2007/1/24, Amos Shapira <[EMAIL PROTECTED]>:

On 24/01/07, Yedidyah Bar-David <[EMAIL PROTECTED]> wrote:
>
>
> No, that's not true. Win98 is not DOS. It does use protected mode,
> although in some obscure way - IIRC only to separate the OS and the
> processes, not to separate the processes themselves. In any case, that's not
> the point IMO. The point is caching. The reason you want a real clean reboot
> is in order to allow the OS to cleanly flush the caches (and do an
> equivalent of umount - not sure exactly what win98 does in this regard).
>

Care to comment to the following:

http://en.wikipedia.org/wiki/Windows_Me#Last_DOS_based_Windows

"Windows Me is the last version of a DOS-based Windows OS."

Windows Me is listed in Wikipedia as the successor to Win98 so...

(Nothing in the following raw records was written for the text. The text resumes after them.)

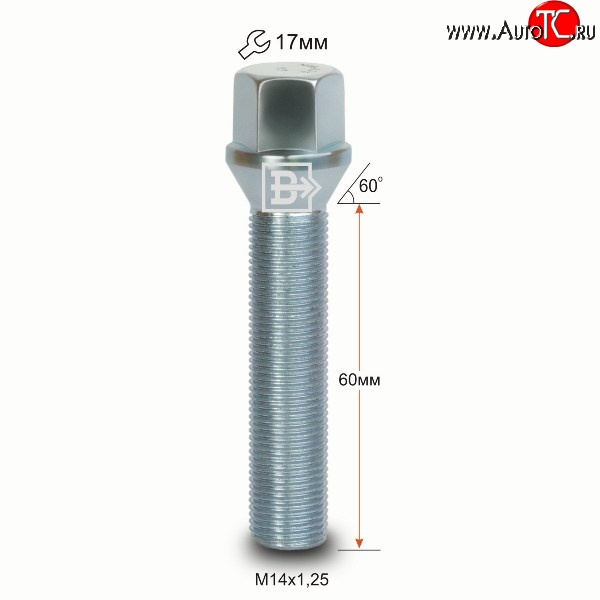 204 р. Колёсный болт длиной 60 мм Вектор M14 1.25 60 под гаечный ключ BMW 5 серия F10 рестайлинг, седан (2013-2017)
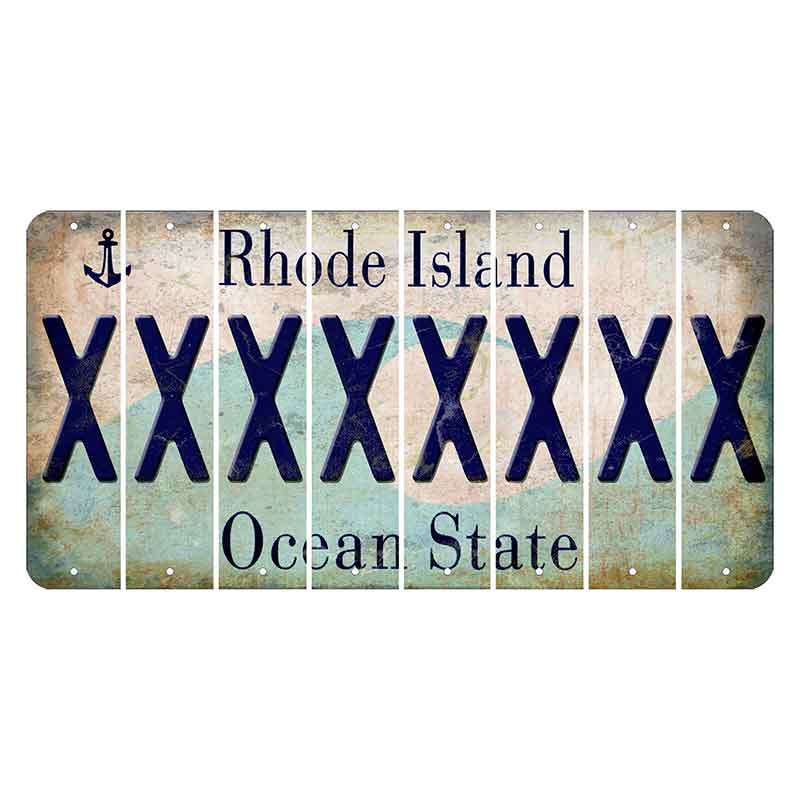 Rhode Island Wave Cut License Plate Strips (Set of 8) X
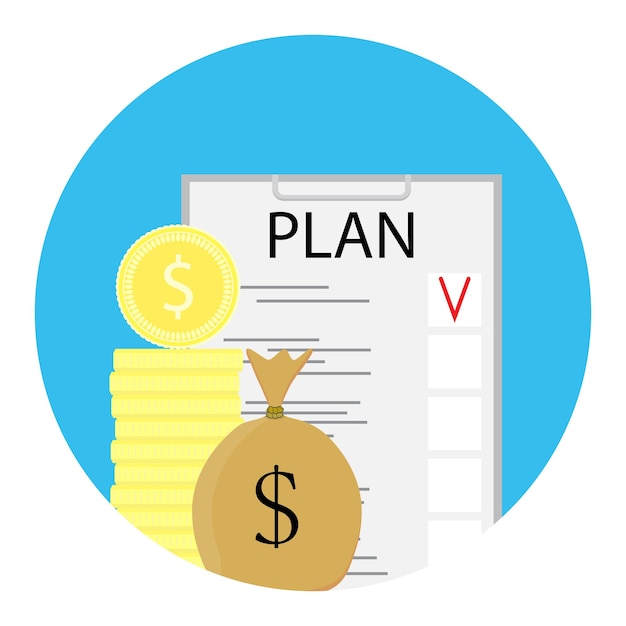 Vector icono de plan de finanzas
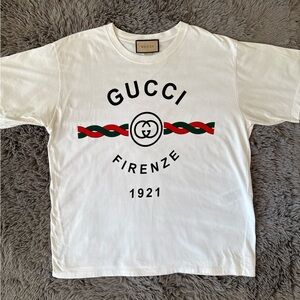Gucci Firenze 1921 Graphic T-Shirt Men’s XL Made in Italy GG Logo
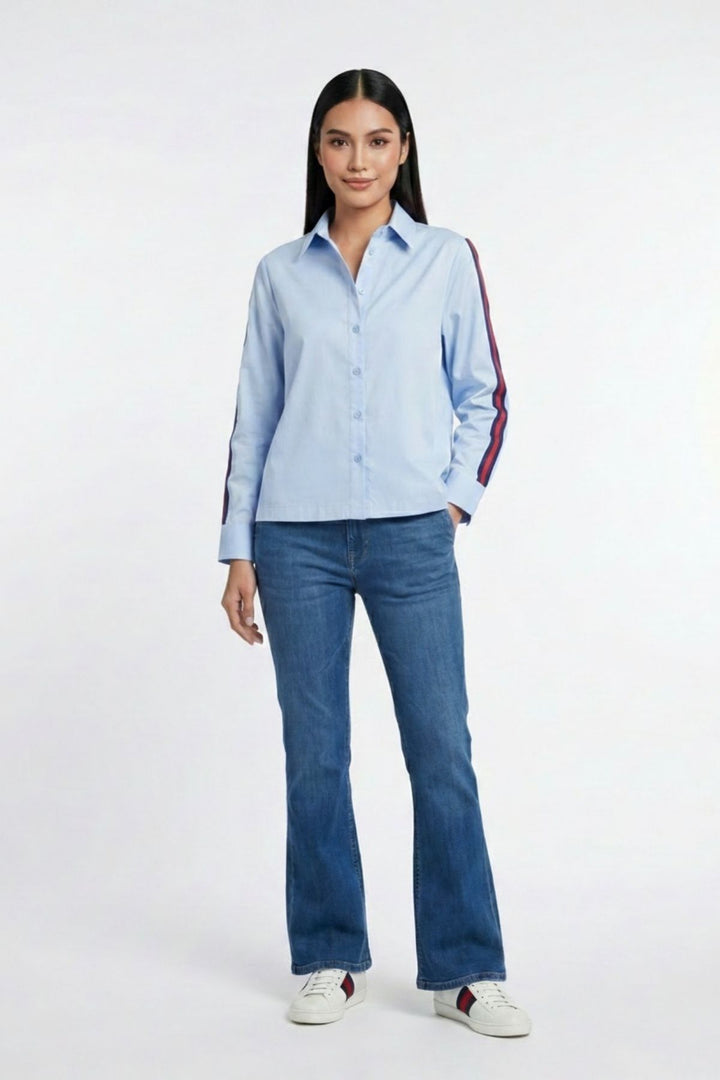 Sky Blue Ribbon Crop Shirt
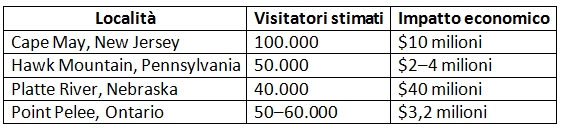 tabella ecoturismo valore economico birdwatching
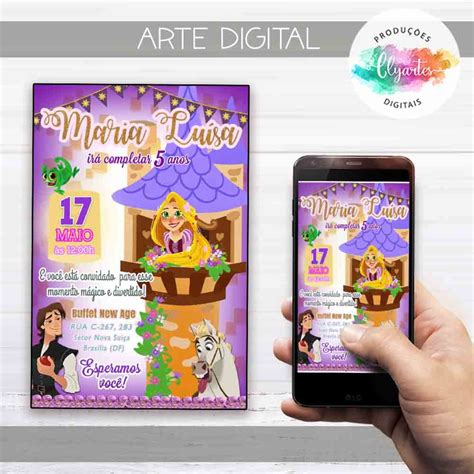 Convite Digital Rapunzel Mod 01 Elo7 Produtos Especiais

And as a DOS-based system, as far as I remember it didn't provide OS-level
disk write caching.


Well, you are welcome to try. I am pretty certain loadlin, when running from
inside a win98 dos box, will tell you it refuses to run.
I am very certain that win98 did include disk write cache. There were
actually even DOS-based ones, and theoretically one could cause a problem by
running one of them, then e.g. opening an editor, saving a file, then very
quickly exit the editor and run loadlin. There would be chances you'd loose
your changes to the file. If you read loadlin's manual you'll see it
recommends to only run it exactly after boot, or something like that.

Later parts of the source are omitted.